Ayah, disini siang hari dengan matahari yang meredup. Dari
pagi aku melihat hujan di luar jendela. Apa yang sedang kau lihat disana, Ayah?
Lebih indahkah dari kedamaian yang aku lihat di Bumi ini? Maaf Ayah, aku tidak
terlalu kuat untuk berusaha mencapai tempatmu. Aku janji akan mencobanyak lebih
baik lagi. Apakah kau sudah mulai merindukanku?
Ayah, sekarang aku menulis surat lagi. Seperti
kebiasaan-kebiasaanku dulu. Aku harus menemukan keheningan untuk mendapatkan
dorongan menulis surat ini. Terlebih Ayah … aku sedang ingin banyak bercerita
kepadamu. Aku tahu kau akan diam mendengarkan dan itu sudah cukup untukku.

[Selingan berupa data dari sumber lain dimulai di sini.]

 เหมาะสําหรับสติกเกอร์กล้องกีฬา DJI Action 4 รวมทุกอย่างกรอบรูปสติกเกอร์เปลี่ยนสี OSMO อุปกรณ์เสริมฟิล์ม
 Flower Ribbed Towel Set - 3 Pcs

Ayah, kau akan lihat bahwa gadis bungsumu sudah dewasa
sekarang. Aku tidak lagi menghujat dan marah-marah di suratku padamu. Aku sudah
lebih tenang dan menerima. Aku tidak lagi merengek tentang kehidupan. Aku sudah
mengalami perjalanan yang cukup panjang di kehidupan ini. Dan aku tahu kau
selalu menyaksikan.
Ayah, akhir-akhir ini Ibu sering menangis dan tinggal
sendirian. Aku tidak tahu apa yang harus aku lakukan ketika Ibu menangis di
hadapanku. Apakah dulu dia selalu menangis di depanmu juga, Yah? Apakah kau
memeluknya ketika dia menangis? Atau sama kebingungan sepertiku? Ibu masih
sering berbicara tentangmu seolah kau istimewa. Aku cemburu, Yah. Karena aku
bahkan tidak punya hal yang bisa aku bicarakan tentangmu.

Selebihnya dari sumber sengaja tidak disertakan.